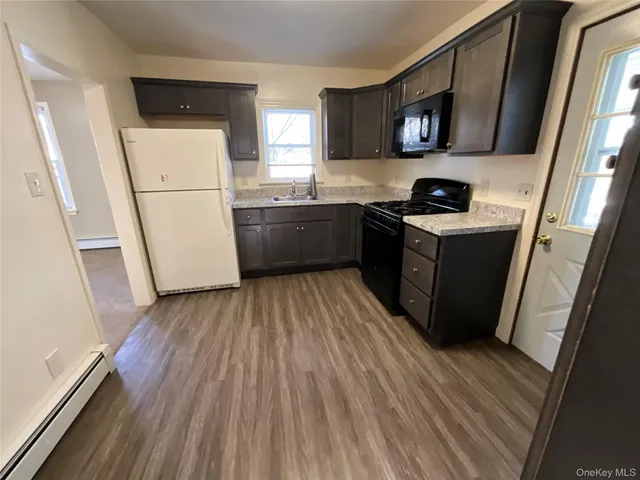 a kitchen with a refrigerator a stove top oven a sink and dishwasher with wooden floor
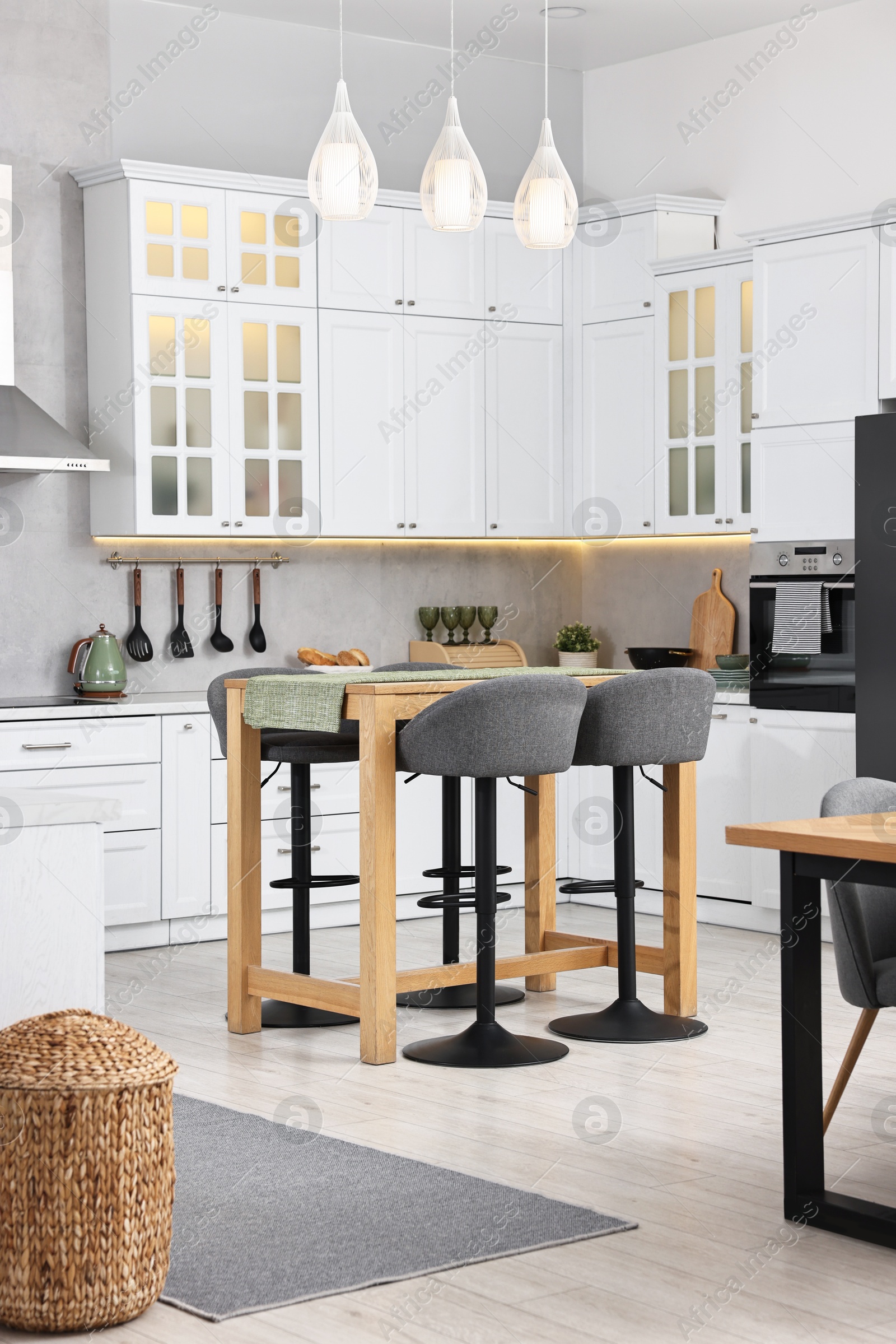 Photo of Bar stools near table in stylish kitchen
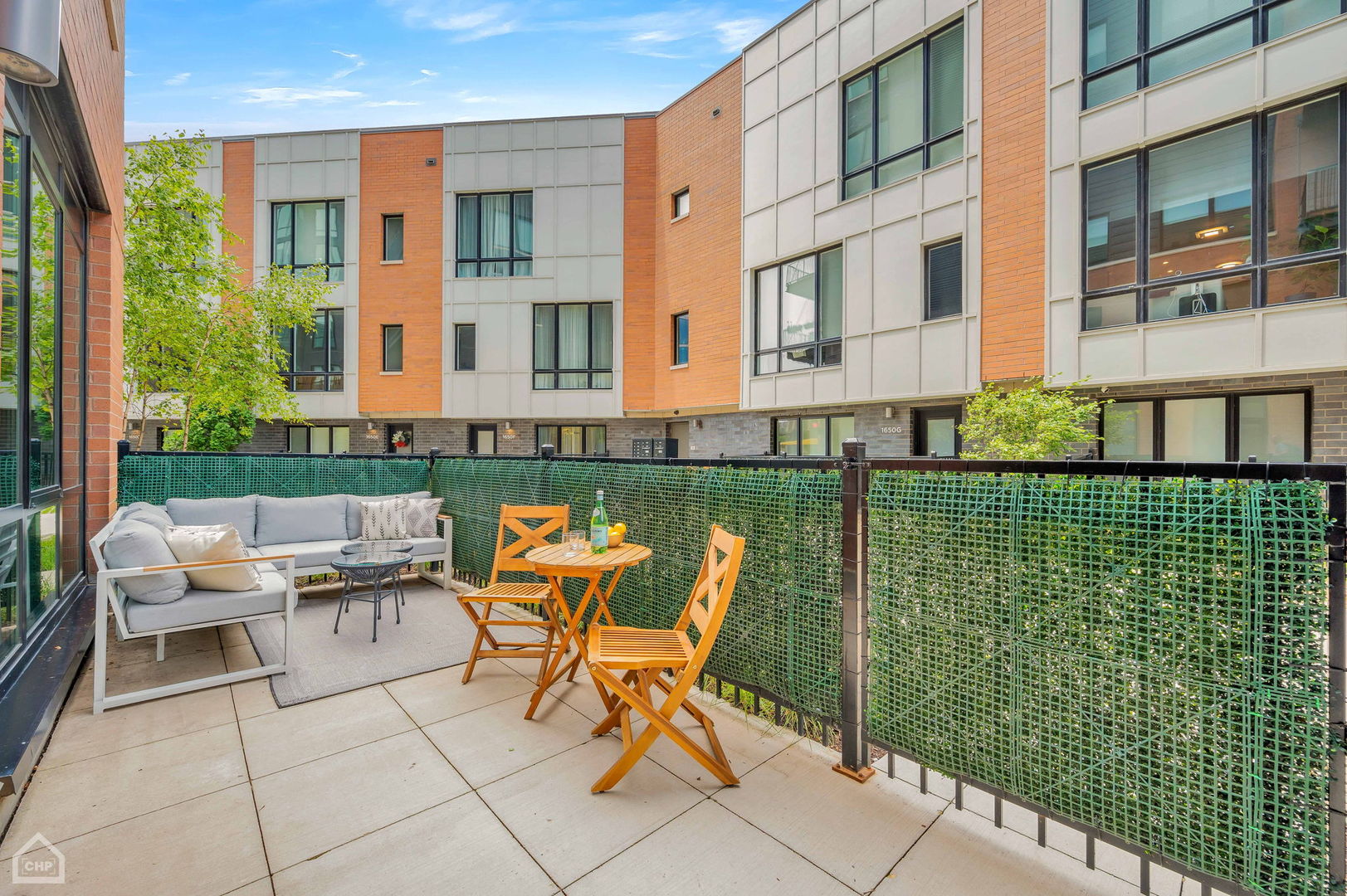 Furnished private patio with a gray sectional, wooden dining set, and view of a modern apartment building.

■ **Task directions**
Instruction for this listing: copy it exactly, but leave the images behind.

■ **Output for this exercise**
 a kitchen with a refrigerator a stove top oven a sink and dishwasher with wooden floor
 Photo of Bar stools near table in stylish kitchen
 Furnished private patio with a gray sectional, wooden dining set, and view of a modern apartment building.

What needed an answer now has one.